Further optimize excluding results in not queries

[ale-rt]

Usually the number of the parameters that have to be excluded in the not query is much lower than the number of values in the index, so it makes sense to actually try to pop them out from the list

[ale-rt]

from timeit import timeit

NUMBER = 1000
ITEMS_IN_INDEX = 1000000

index = {x: None for x in range(ITEMS_IN_INDEX)}
not_parm = [666]

def _before():
    [k for k in index.keys() if k not in not_parm]

def _after():
    keys = list(index)
    for parm in not_parm:
        keys.remove(parm)

print("_before:   ", timeit(_before, number=NUMBER))
print("_after:   ", timeit(_after, number=NUMBER))

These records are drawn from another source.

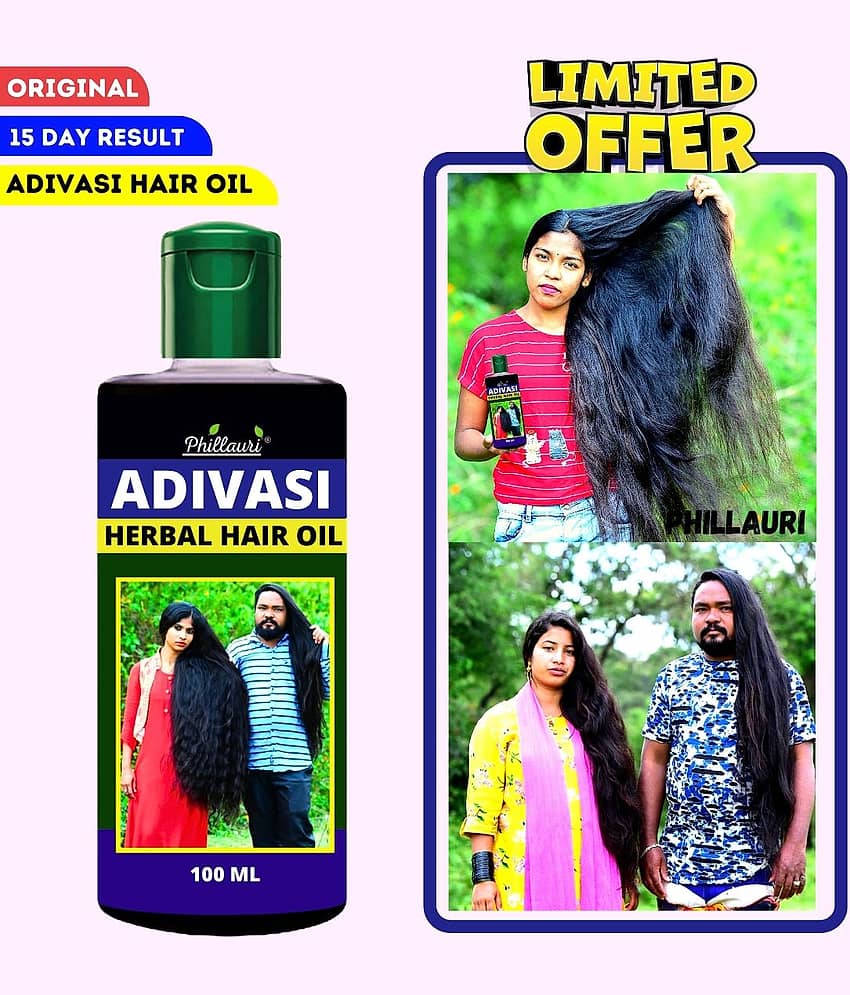 Phillauri - Anti Hair Fall Aloe vera Oil 100 ml ( Pack of 1 )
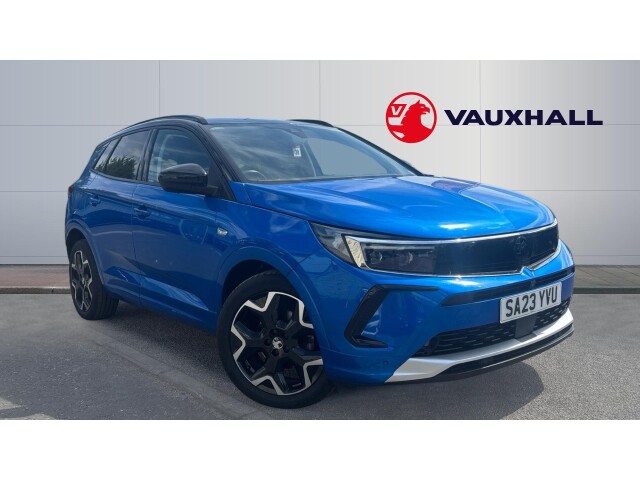 Main listing image - Vauxhall Grandland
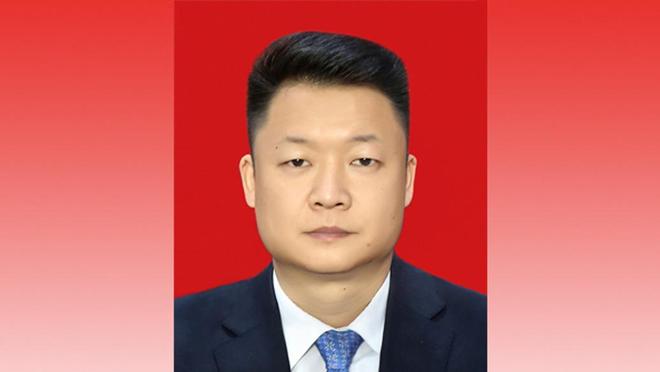 年彭韬出任湖南娄底新化县委书记麻将胡了模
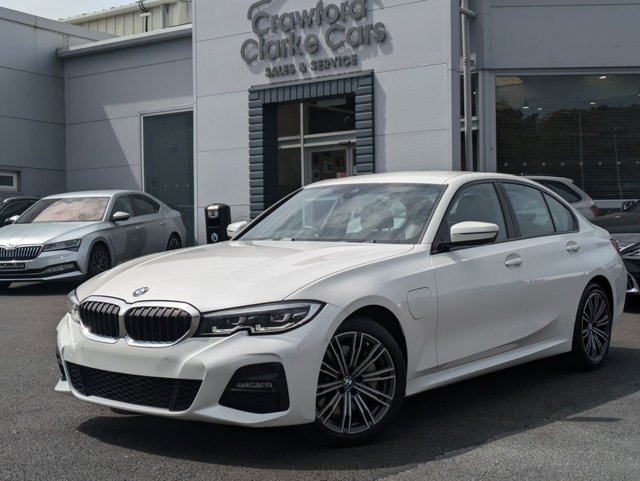 Used BMW cars for sale. BMW Dealer Belfast | Crawford Clarke Cars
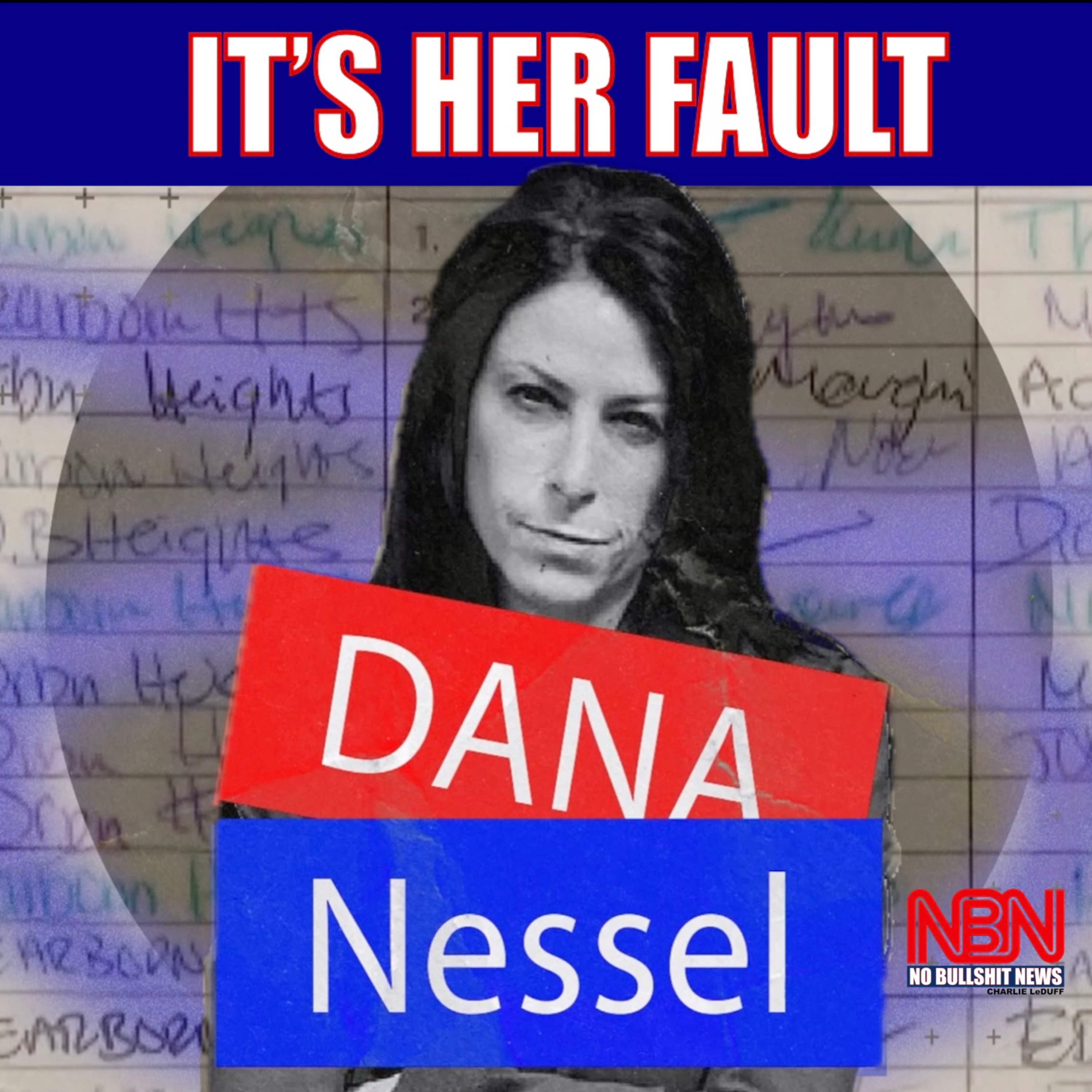 It's Her Fault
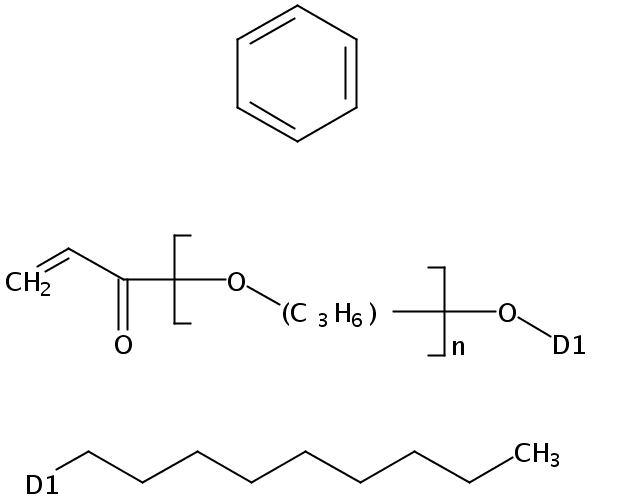 1—苯基丙烯结构式图片
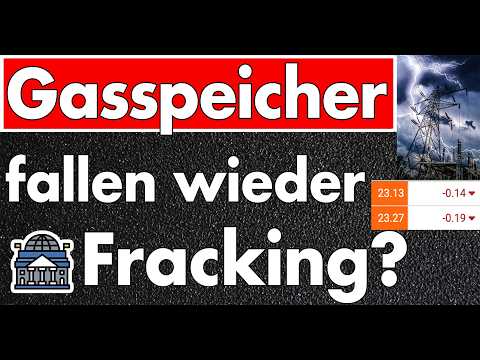 Gasspeicher sinken, Gaspreise fallen, Gasimporte fallen – Speicherbefüllung? Fehlanzeige! Gasspeicher sinken, Gaspreise fallen, Gasimporte fallen – Speicherbefüllung? Fehlanzeige!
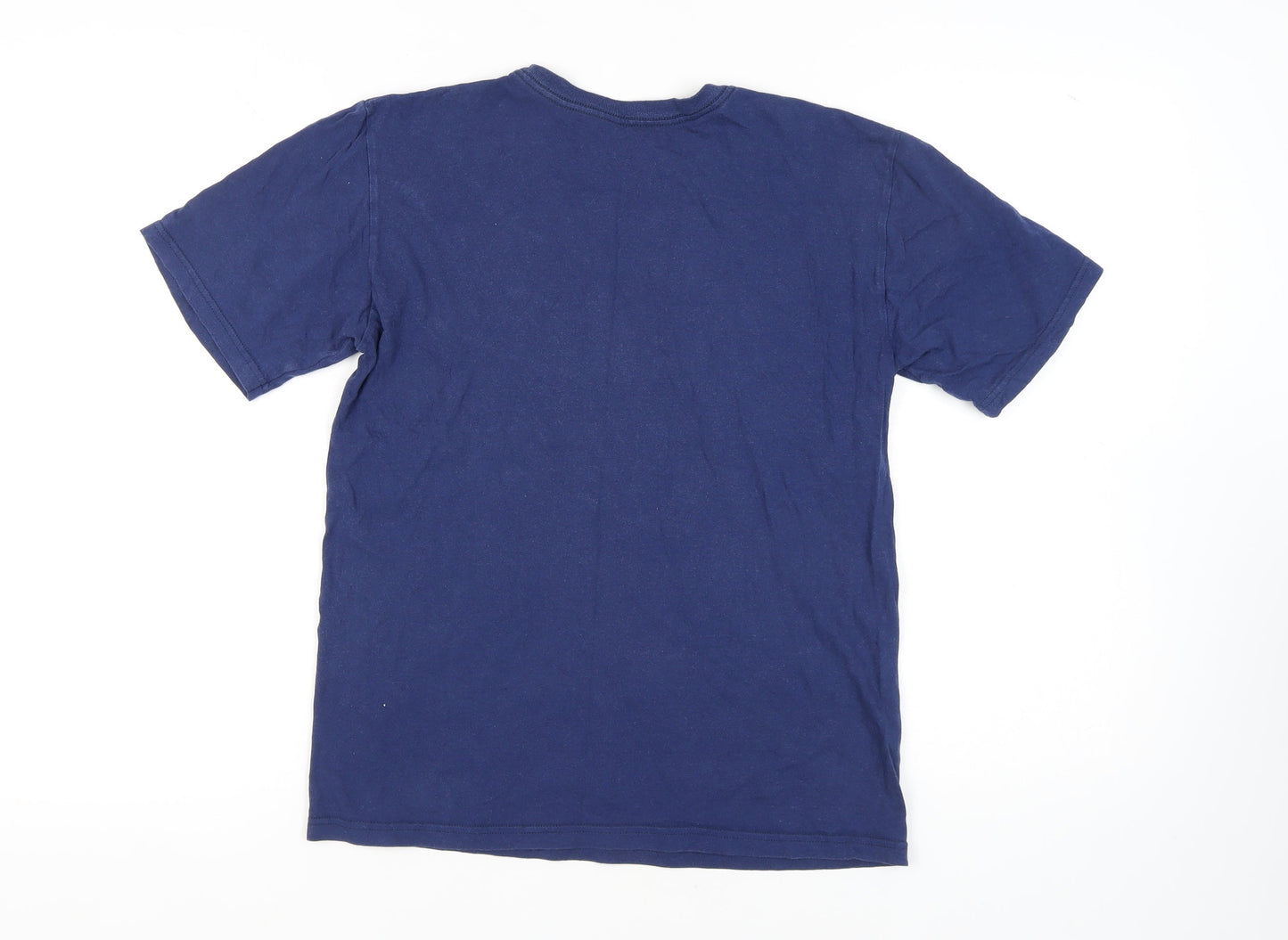 Disney Store Boys Blue Star Wars Graphic T-Shirt - Size 14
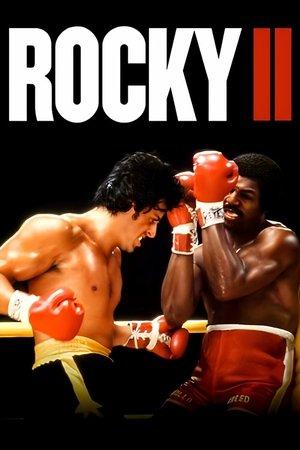 Rocky II streaming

[ale@flo daskjdklsa]$ python3.9 test.py 
_before:    45.822187587999906
_after:    11.951056316999711

[jamadden]

Given:

def _before():
    [k for k in index.keys() if k not in not_parm]

Because not_parm is a list, this code is O(N * K) where N is the size of the keys, and K is the length of not_parm. It's equivalent to the nested list:

result = []
for k in index.keys(): # O(N)
   for i in not_parm: # O(K)
      if i == k:
         continue
    result.append(k)

Given:

def _after():
    keys = list(index)
    for parm in not_parm:
        keys.remove(parm)

This code is O(N) + O(K * N) + O(N) = O(2N +N * K) because it first iterates a list, then it iterates another list, then it iterates another list, then it resizes said list:

keys = []
for k in index: # O(N)
    keys.append(k) 
for parm in not_parm: # O(K)
    for i, k in enumerate(keys): # O(N)
        if k == parm:
           del keys[i] # O(N)

Now, that last part is actually optimized to "just" a memcpy so for smaller values of N it can probably be ignored, especially on newer machines, leaving us with O(N + N*K).

If I've done that right, it means that algorithmically, the second approach should be worse by O(N). Yet I similarly produce results showing that _after is substantially faster than _before (I moved a loop inside the function to eliminate function call overhead from the timings):

In [22]: def _after():
    ...:     for _ in range(NUMBER):
    ...:         keys = list(index)
    ...:         for parm in not_parm:
    ...:             keys.remove(parm)
    ...:
In [23]: def _before():
    ...:     for _ in range(NUMBER):
    ...:         [k for k in index.keys() if k not in not_parm]
    ...:
In [24]: %timeit _before()
611 ms ± 7.8 ms per loop (mean ± std. dev. of 7 runs, 1 loop each)
In [25]: %timeit _after()
189 ms ± 3.52 ms per loop (mean ± std. dev. of 7 runs, 10 loops each)

So there's probably something else going on. And I think a large part of that is that the first version iterates entirely in Python, while the second version performs the first version completely in optimized C, leaving only a small amount of iteration in Python. Directly comparing those aspects shows a similar difference:

In [26]: def _comprehension():
    ...:     for _ in range(NUMBER):
    ...:         [k for k in index.keys()]
    ...:
In [27]: def _builtin():
    ...:     for _ in range(NUMBER):
    ...:         list(index)
    ...:
In [28]: %timeit _comprehension()
363 ms ± 8.3 ms per loop (mean ± std. dev. of 7 runs, 1 loop each)
In [29]: %timeit _builtin()
173 ms ± 2.97 ms per loop (mean ± std. dev. of 7 runs, 10 loops each)

Anyway, this was just for my own edification because I was surprised at the results.

[ale-rt]

Thanks a lot @jamadden for your analysis.

I think we can even squeeze some more time using sets instead that using list, but I would only do that in later PR because that will probably require quite some more work and performance tests.